__YOUR OBJECTIVE__. Once you reach the line with "12709 S Hagan Court, Olathe, KS 66062" in the material below, copy each line exactly up to and including the line with "Jerusalem, İsrail - 23", and skip the pictures.

__SUPPLIED INFORMATION__.
··········
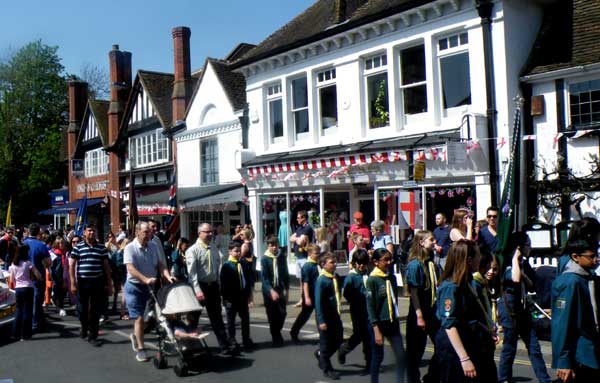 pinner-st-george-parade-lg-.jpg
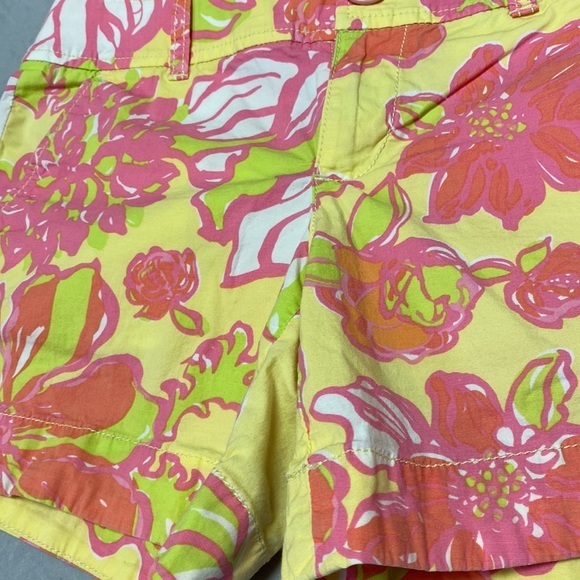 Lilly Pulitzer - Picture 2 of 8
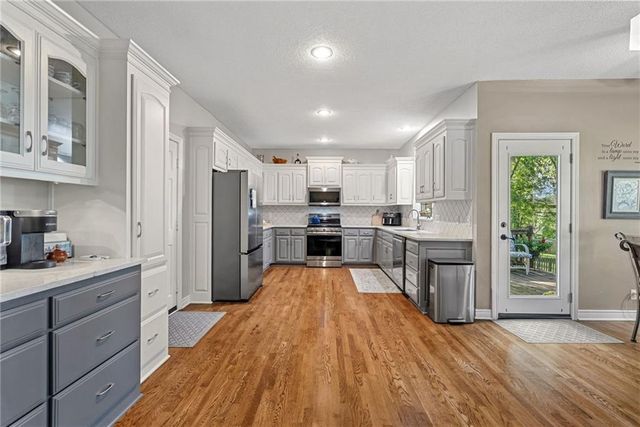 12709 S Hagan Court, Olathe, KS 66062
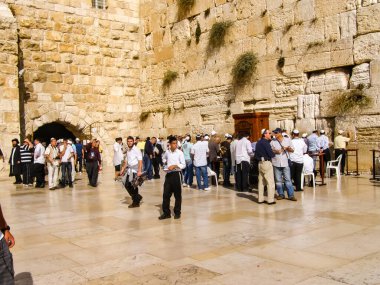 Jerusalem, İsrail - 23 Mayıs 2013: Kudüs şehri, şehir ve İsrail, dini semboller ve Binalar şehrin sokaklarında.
··········
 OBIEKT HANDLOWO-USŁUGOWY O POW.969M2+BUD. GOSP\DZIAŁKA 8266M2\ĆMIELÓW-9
··········
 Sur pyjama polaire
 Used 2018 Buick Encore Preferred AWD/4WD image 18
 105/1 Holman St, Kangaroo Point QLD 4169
··········
__EXPECTED OUTPUT__.
 12709 S Hagan Court, Olathe, KS 66062
 Jerusalem, İsrail - 23 Mayıs 2013: Kudüs şehri, şehir ve İsrail, dini semboller ve Binalar şehrin sokaklarında.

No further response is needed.